EXERCISE MATERIALS
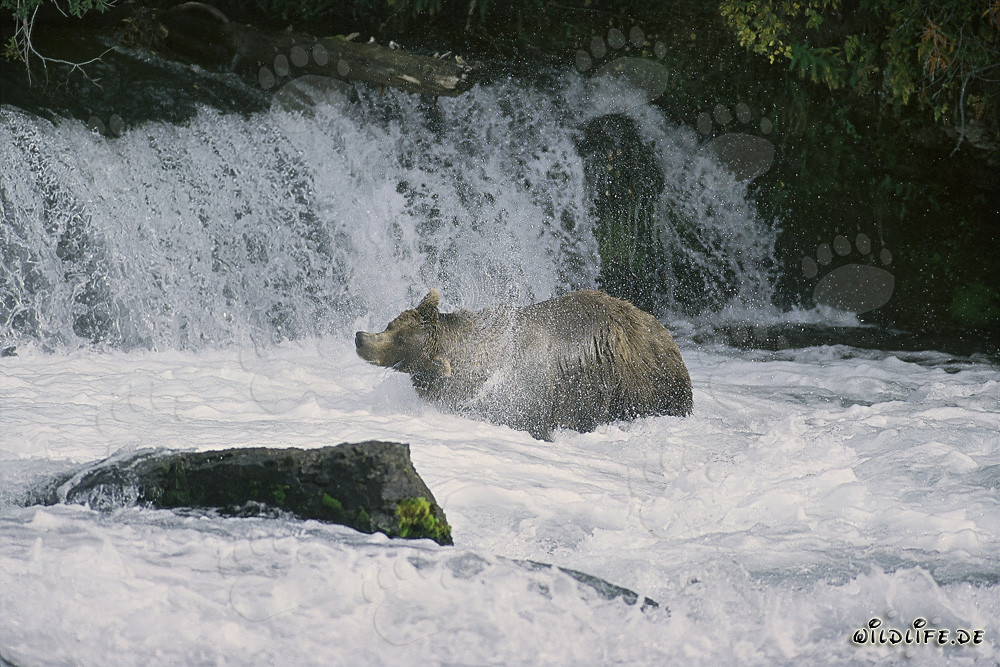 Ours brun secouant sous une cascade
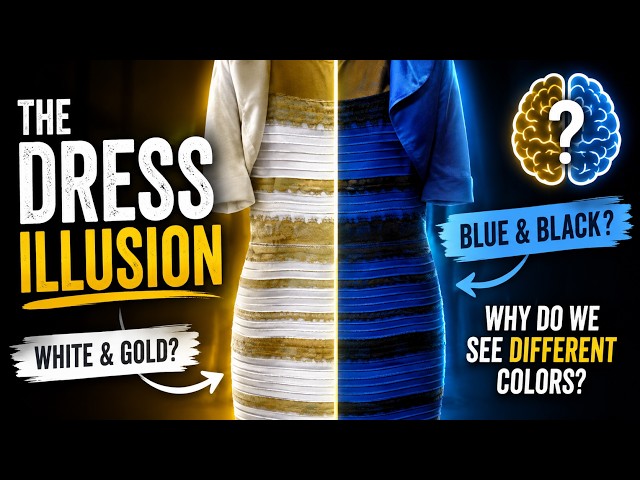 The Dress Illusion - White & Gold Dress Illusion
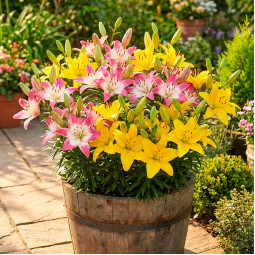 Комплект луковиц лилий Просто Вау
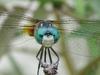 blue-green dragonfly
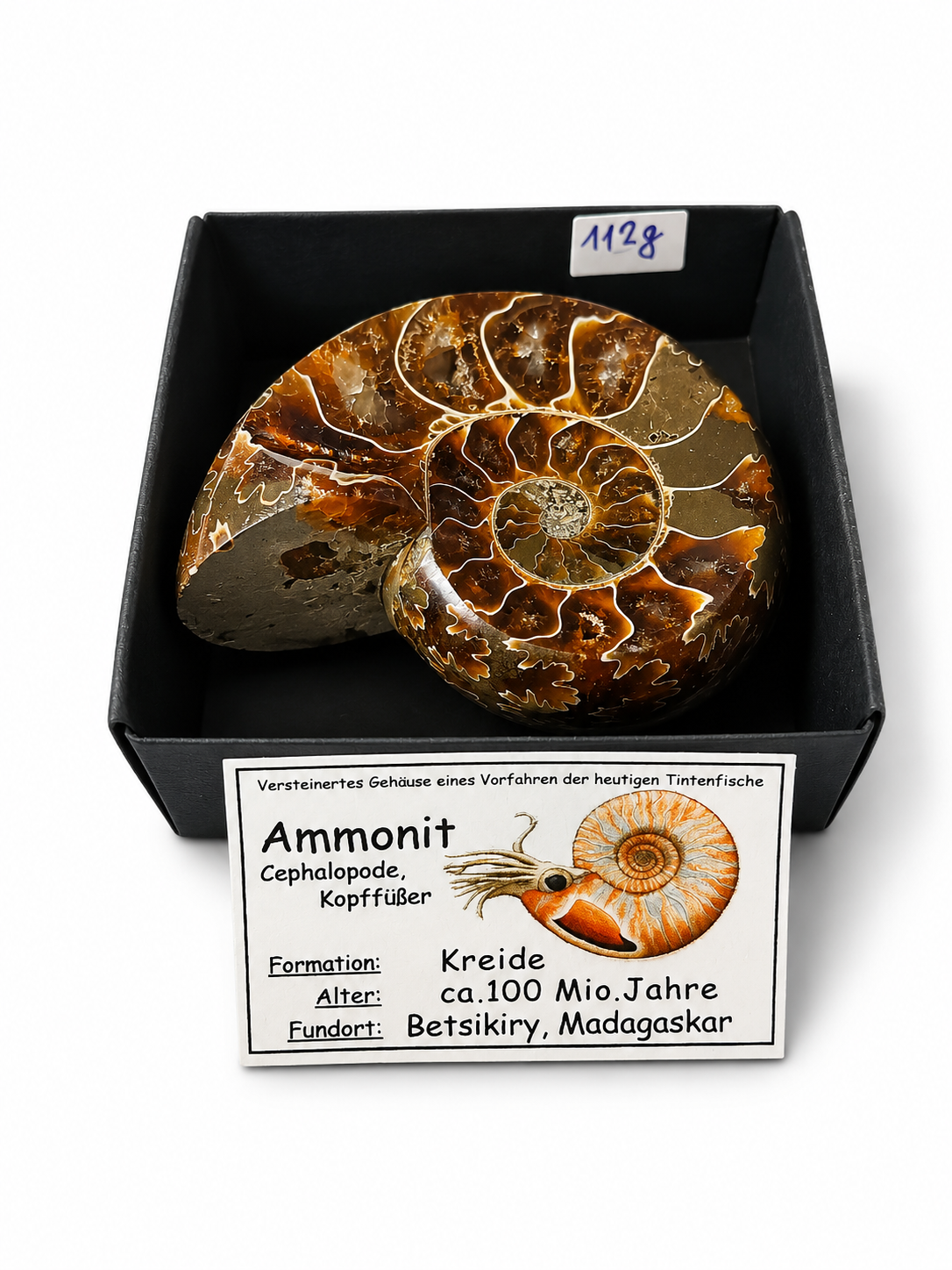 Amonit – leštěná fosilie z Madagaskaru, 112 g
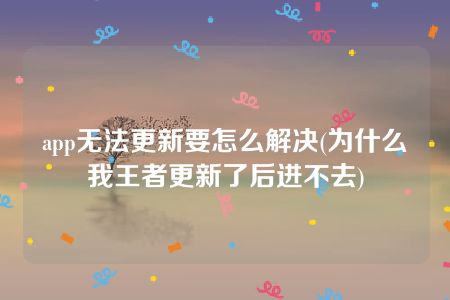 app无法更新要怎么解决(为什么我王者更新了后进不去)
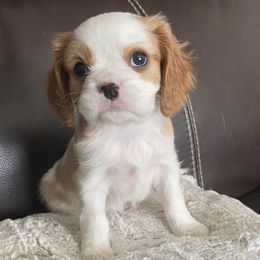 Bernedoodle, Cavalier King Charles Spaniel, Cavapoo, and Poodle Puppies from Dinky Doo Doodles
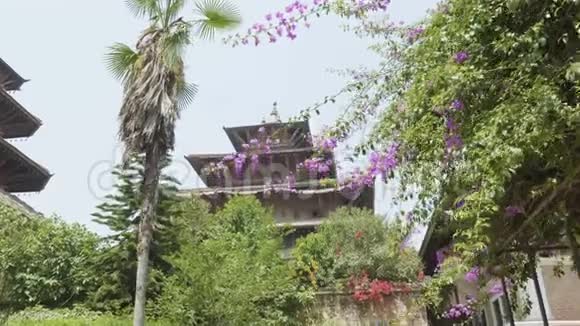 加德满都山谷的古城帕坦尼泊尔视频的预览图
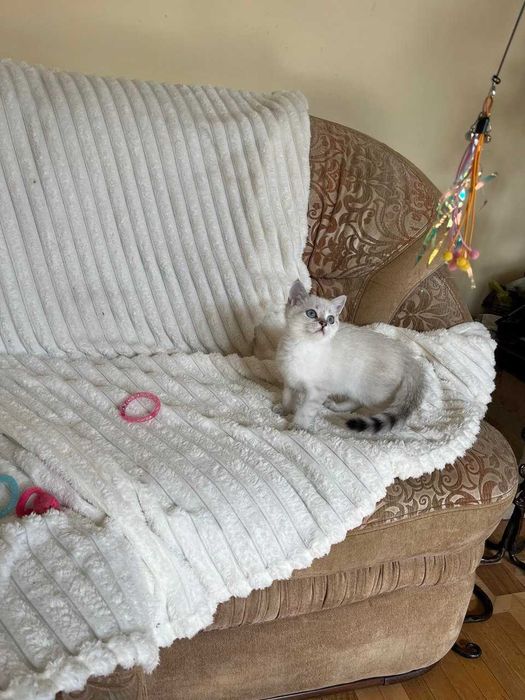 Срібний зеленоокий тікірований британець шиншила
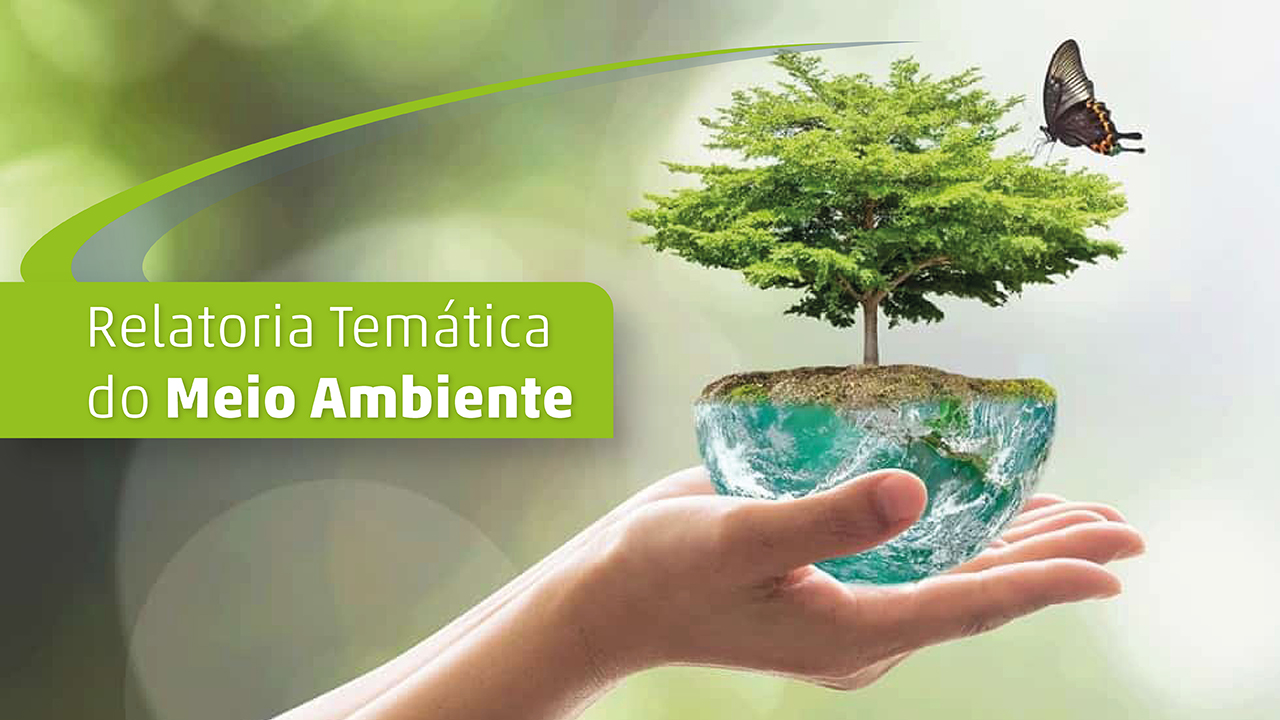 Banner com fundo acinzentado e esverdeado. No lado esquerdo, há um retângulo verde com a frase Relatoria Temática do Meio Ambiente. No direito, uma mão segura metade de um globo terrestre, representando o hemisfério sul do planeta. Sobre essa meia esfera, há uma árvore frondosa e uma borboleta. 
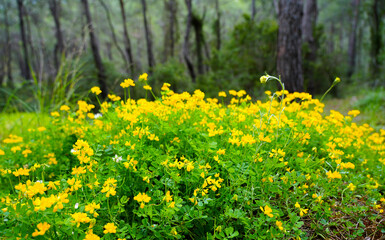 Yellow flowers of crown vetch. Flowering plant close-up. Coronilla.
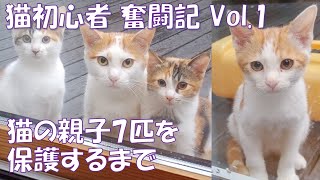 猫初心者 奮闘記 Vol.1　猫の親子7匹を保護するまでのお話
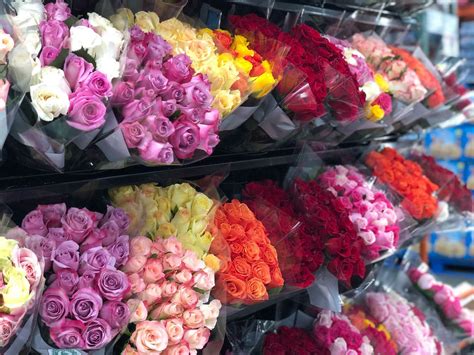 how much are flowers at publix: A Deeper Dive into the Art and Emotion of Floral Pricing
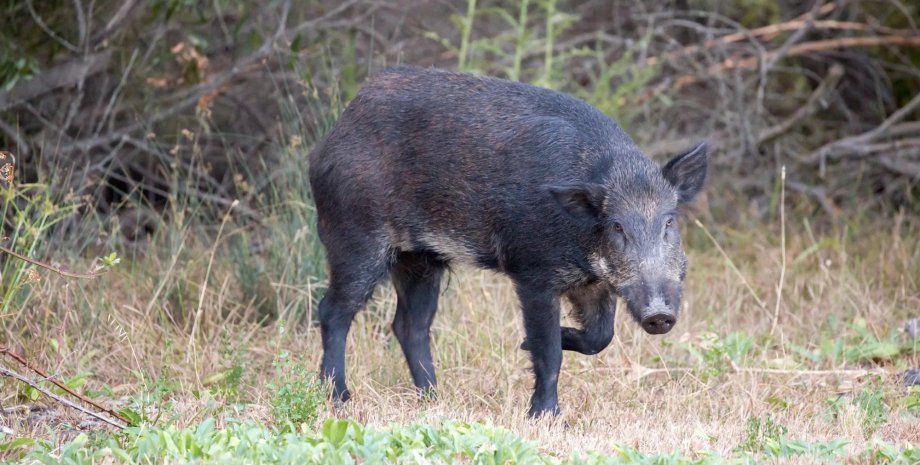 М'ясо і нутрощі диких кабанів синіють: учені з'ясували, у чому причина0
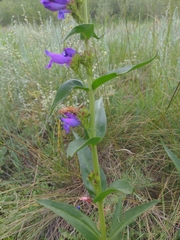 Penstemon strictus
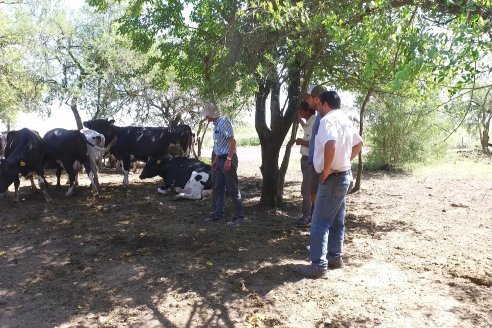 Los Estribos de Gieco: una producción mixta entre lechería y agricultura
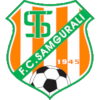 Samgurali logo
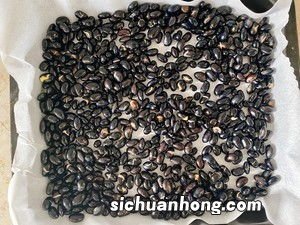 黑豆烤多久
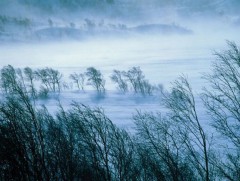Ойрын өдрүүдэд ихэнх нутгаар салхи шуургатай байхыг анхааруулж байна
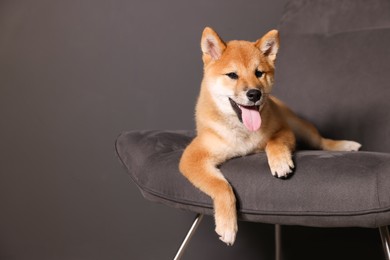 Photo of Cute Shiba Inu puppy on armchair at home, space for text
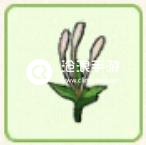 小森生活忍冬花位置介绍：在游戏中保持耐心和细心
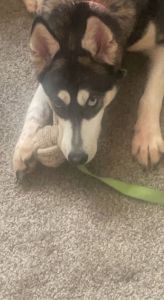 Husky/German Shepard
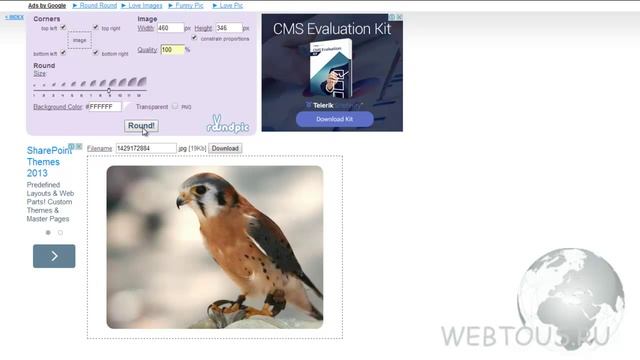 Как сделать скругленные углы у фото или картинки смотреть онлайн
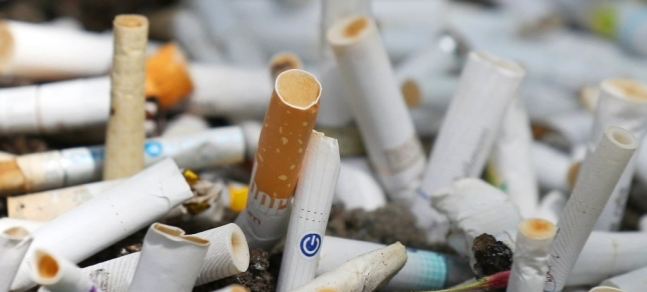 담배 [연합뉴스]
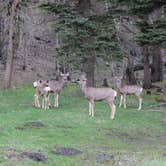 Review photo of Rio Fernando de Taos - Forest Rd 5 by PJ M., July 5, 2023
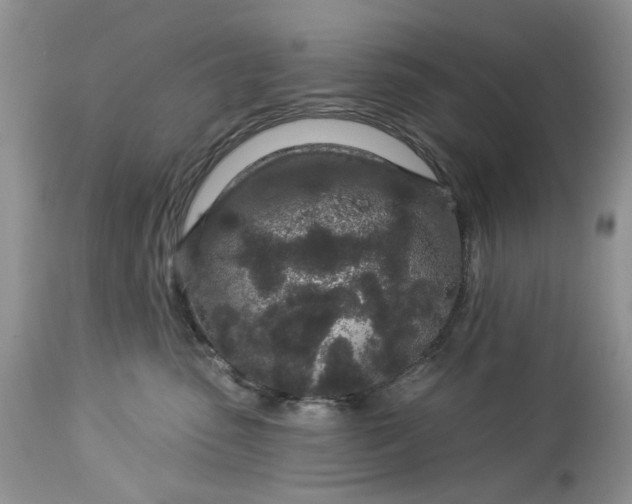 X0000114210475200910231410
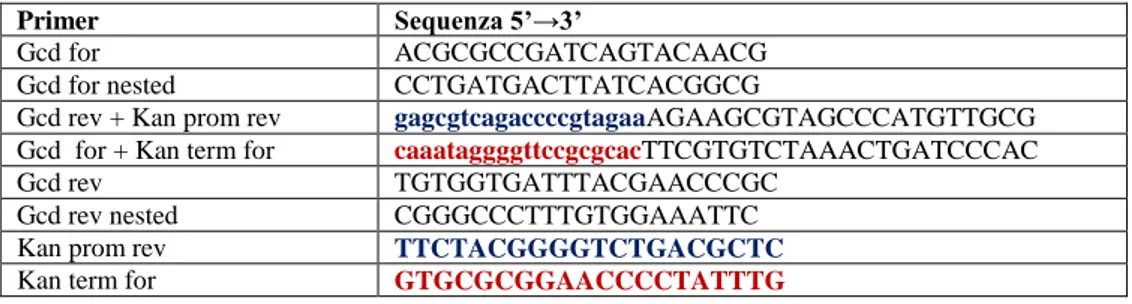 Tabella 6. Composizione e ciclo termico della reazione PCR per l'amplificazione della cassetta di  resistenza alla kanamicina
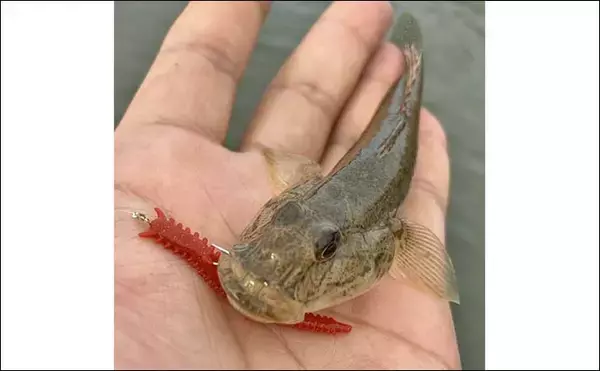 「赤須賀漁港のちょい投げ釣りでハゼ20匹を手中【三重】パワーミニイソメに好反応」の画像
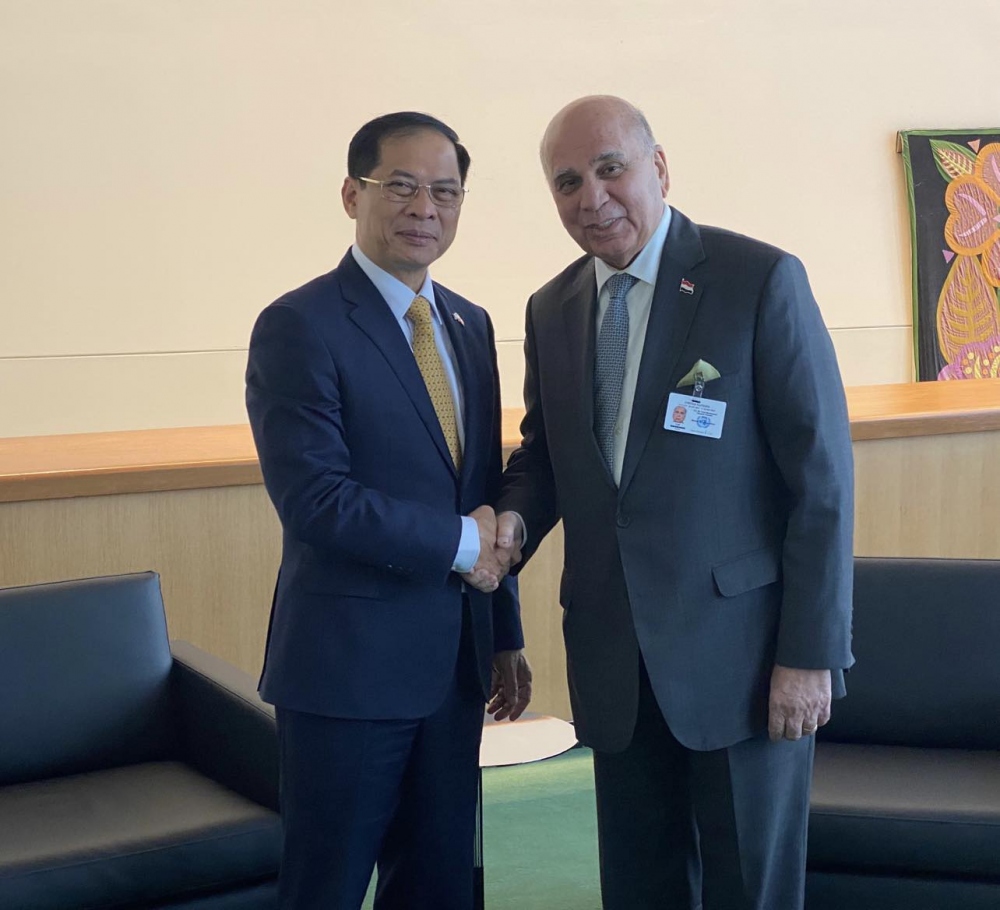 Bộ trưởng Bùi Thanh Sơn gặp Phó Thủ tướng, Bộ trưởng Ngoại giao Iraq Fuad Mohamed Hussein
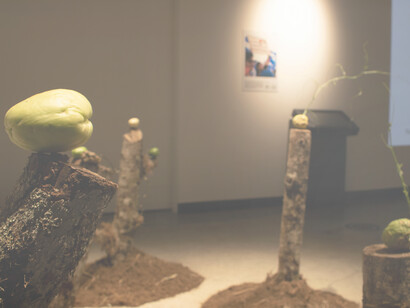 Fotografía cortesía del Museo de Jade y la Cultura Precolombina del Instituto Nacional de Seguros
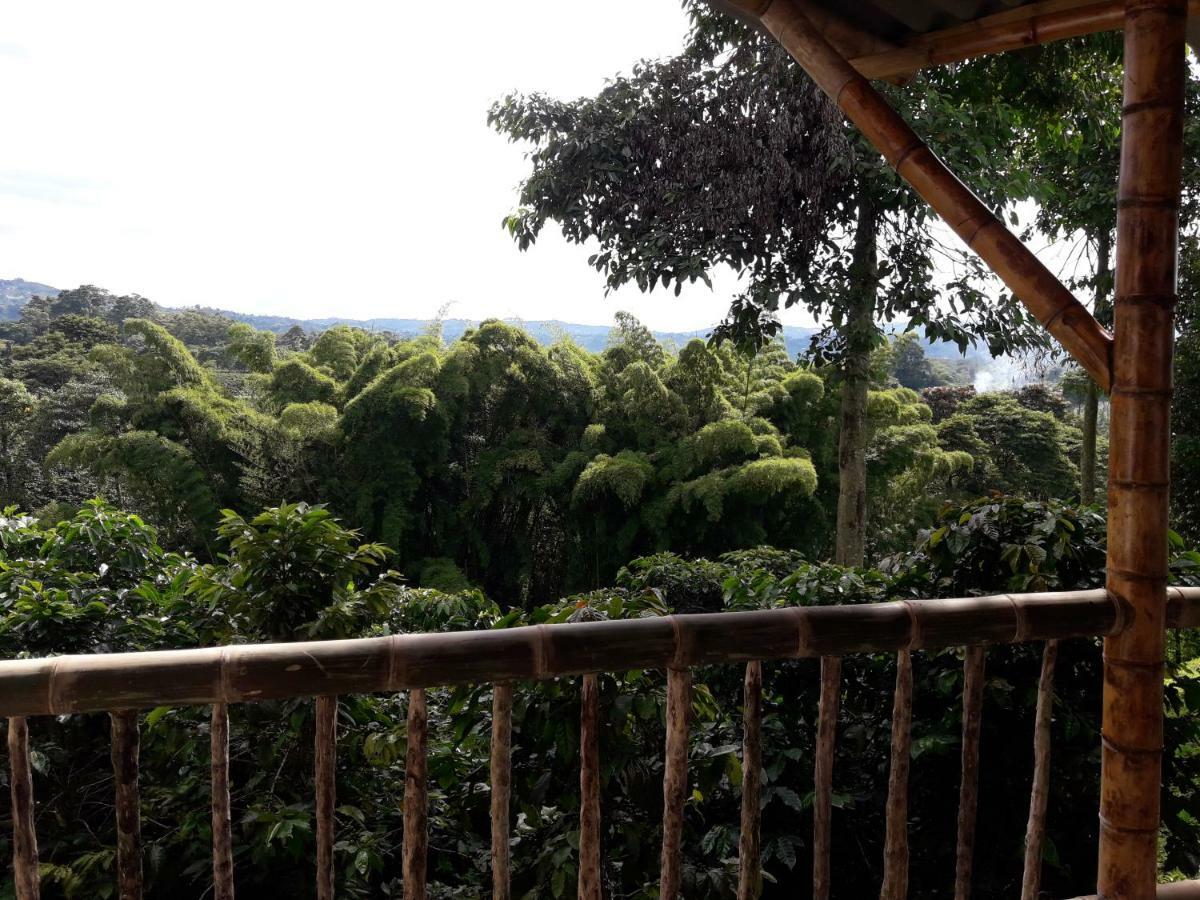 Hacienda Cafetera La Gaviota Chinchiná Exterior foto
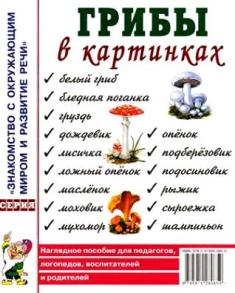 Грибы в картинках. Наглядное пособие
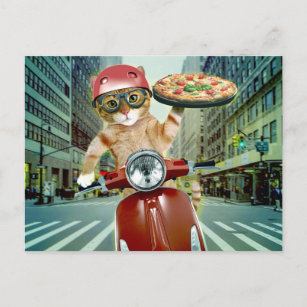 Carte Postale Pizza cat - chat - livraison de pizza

WORK TO COMPLETE
All that is needed is the exact run of lines from the start of the material above through the one containing "Review photo of", pictures left out.

ANSWER AREA
 Ours brun secouant sous une cascade
 The Dress Illusion - White & Gold Dress Illusion
 Комплект луковиц лилий Просто Вау
 blue-green dragonfly
 Amonit – leštěná fosilie z Madagaskaru, 112 g
 app无法更新要怎么解决(为什么我王者更新了后进不去)
 Bernedoodle, Cavalier King Charles Spaniel, Cavapoo, and Poodle Puppies from Dinky Doo Doodles
 加德满都山谷的古城帕坦尼泊尔视频的预览图
 Срібний зеленоокий тікірований британець шиншила
 Banner com fundo acinzentado e esverdeado. No lado esquerdo, há um retângulo verde com a frase Relatoria Temática do Meio Ambiente. No direito, uma mão segura metade de um globo terrestre, representando o hemisfério sul do planeta. Sobre essa meia esfera, há uma árvore frondosa e uma borboleta. 
 Yellow flowers of crown vetch. Flowering plant close-up. Coronilla.
 猫初心者 奮闘記 Vol.1　猫の親子7匹を保護するまでのお話
 how much are flowers at publix: A Deeper Dive into the Art and Emotion of Floral Pricing
 М'ясо і нутрощі диких кабанів синіють: учені з'ясували, у чому причина0
 Penstemon strictus
 Los Estribos de Gieco: una producción mixta entre lechería y agricultura
 Samgurali logo
 黑豆烤多久
Ойрын өдрүүдэд ихэнх нутгаар салхи шуургатай байхыг анхааруулж байна
 Photo of Cute Shiba Inu puppy on armchair at home, space for text
 小森生活忍冬花位置介绍：在游戏中保持耐心和细心
 Husky/German Shepard
 Как сделать скругленные углы у фото или картинки смотреть онлайн
 담배 [연합뉴스]
 Review photo of Rio Fernando de Taos - Forest Rd 5 by PJ M., July 5, 2023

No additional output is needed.